:: TASK DESCRIPTION ::
What you output must be the exact lines from the first line of the data through the one holding "Create the main", with no pictures.

Segment Start: DATA SUPPLIED

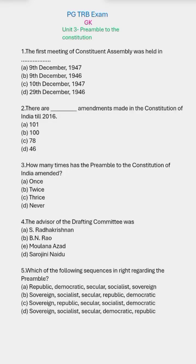Welcome to BJ Education PG-TRB Exam GK Unit 3, Preamble to the Constitution. The first meeting of the Constituent Assembly was held on 9th December 1946.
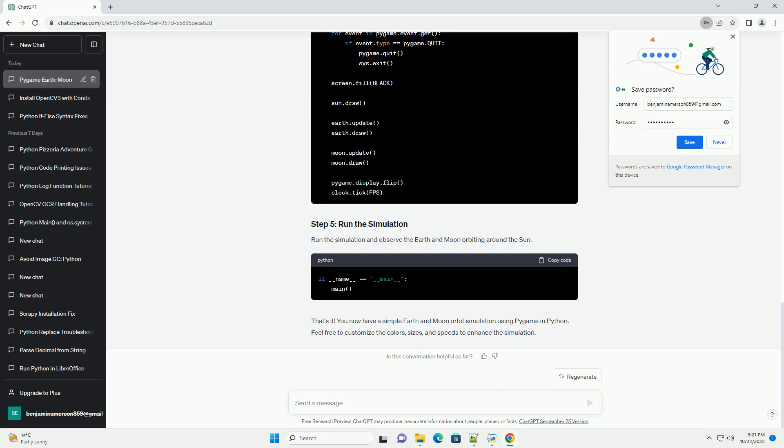Create the main game loop that updates and draws the celestial bodies. Run the simulation and observe the earth and moon orbiting around the sun. That's it. You now have a simple earth and moon orbit simulation using Pygame in Python.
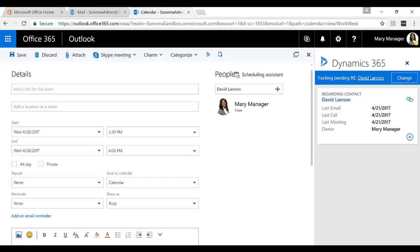And create new records, again, directly from the add-in from my Outlook calendar, just like I did from my Outlook inbox, both in the browser and also on my phone.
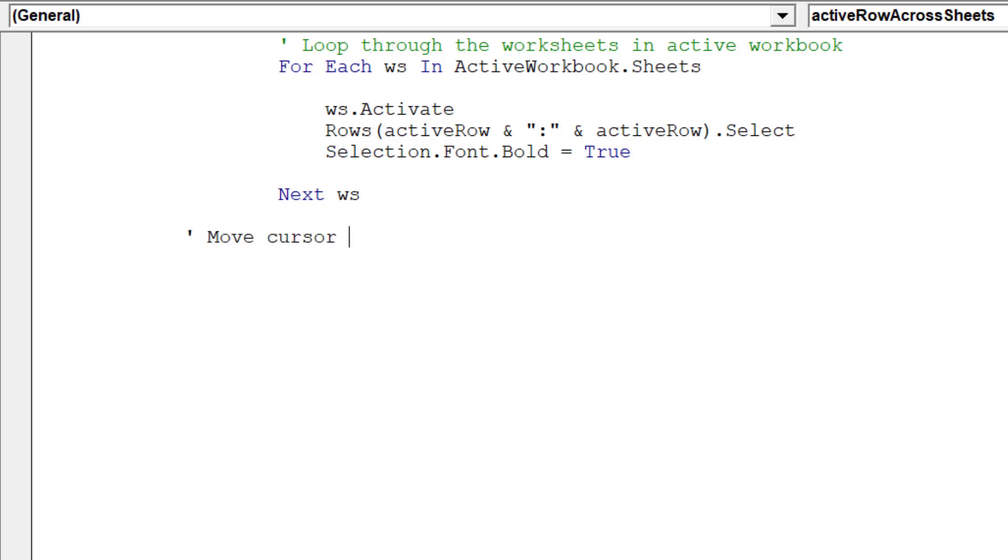As an example, we will bolden the entire range in each sheet of the workbook.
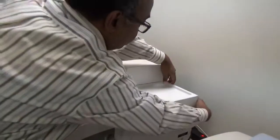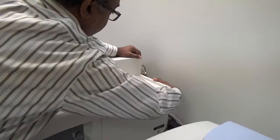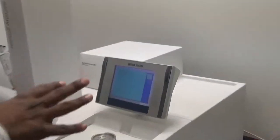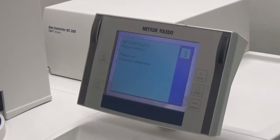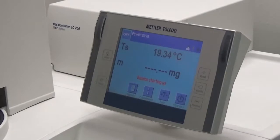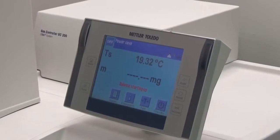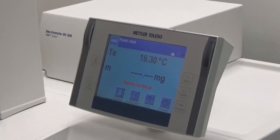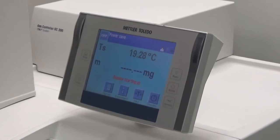To turn on the system, there is a switch on the back. Both the gas controller and the main unit are turned on together. When the switch turns on, this touch screen turns on. It goes to checking the configuration and tells us the balance is starting up. Once the balance starts up, it shows the temperature and the mass in milligrams. Pretty soon it will say 'software not found' because we haven't started the software to run the Mettler Toledo TGA DSC unit.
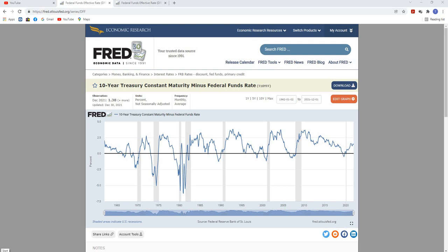Welcome back to the Economic Analyst channel. In this video, to start off the new year, I'm going to go over a very reliable indicator of economic recessions that is used by finance, investing, and economic officials — and that's called the yield curve.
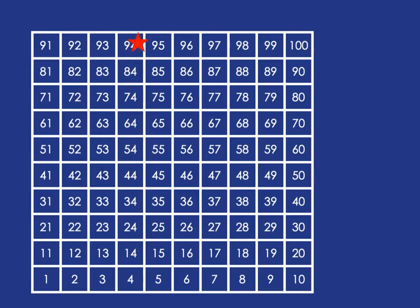And we can just as easily count back in 10s. So let's start at 77 and count backwards in 10s. 77, 67, 57, 47, 37, 27, 17, 7.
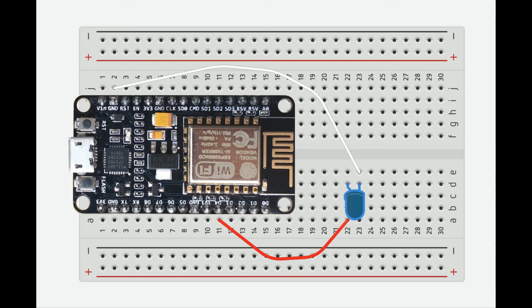For our purposes, you want to take the power line into D4 and the ground into the ground pin.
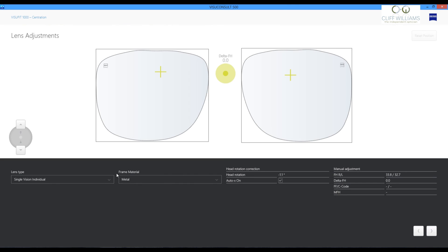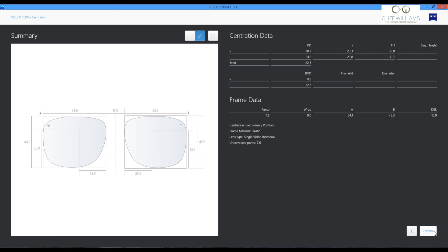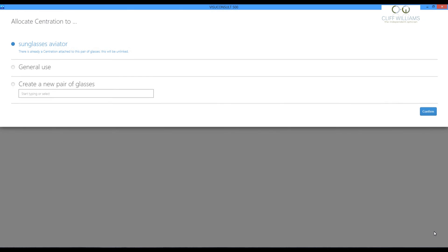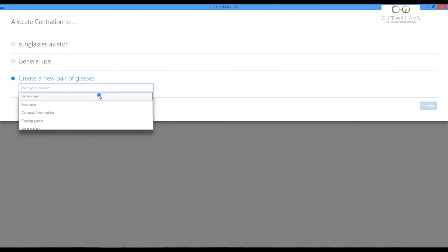Here we are just bringing the information into the software. We've got all the measurements for the pupil position. So that we can get the lens set up correctly. We'll then save that to the file. Naming it as a sunglass.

Segment End: DATA SUPPLIED

:: YOUR RESPONSE ::
Welcome to BJ Education PG-TRB Exam GK Unit 3, Preamble to the Constitution. The first meeting of the Constituent Assembly was held on 9th December 1946.
Create the main game loop that updates and draws the celestial bodies. Run the simulation and observe the earth and moon orbiting around the sun. That's it. You now have a simple earth and moon orbit simulation using Pygame in Python.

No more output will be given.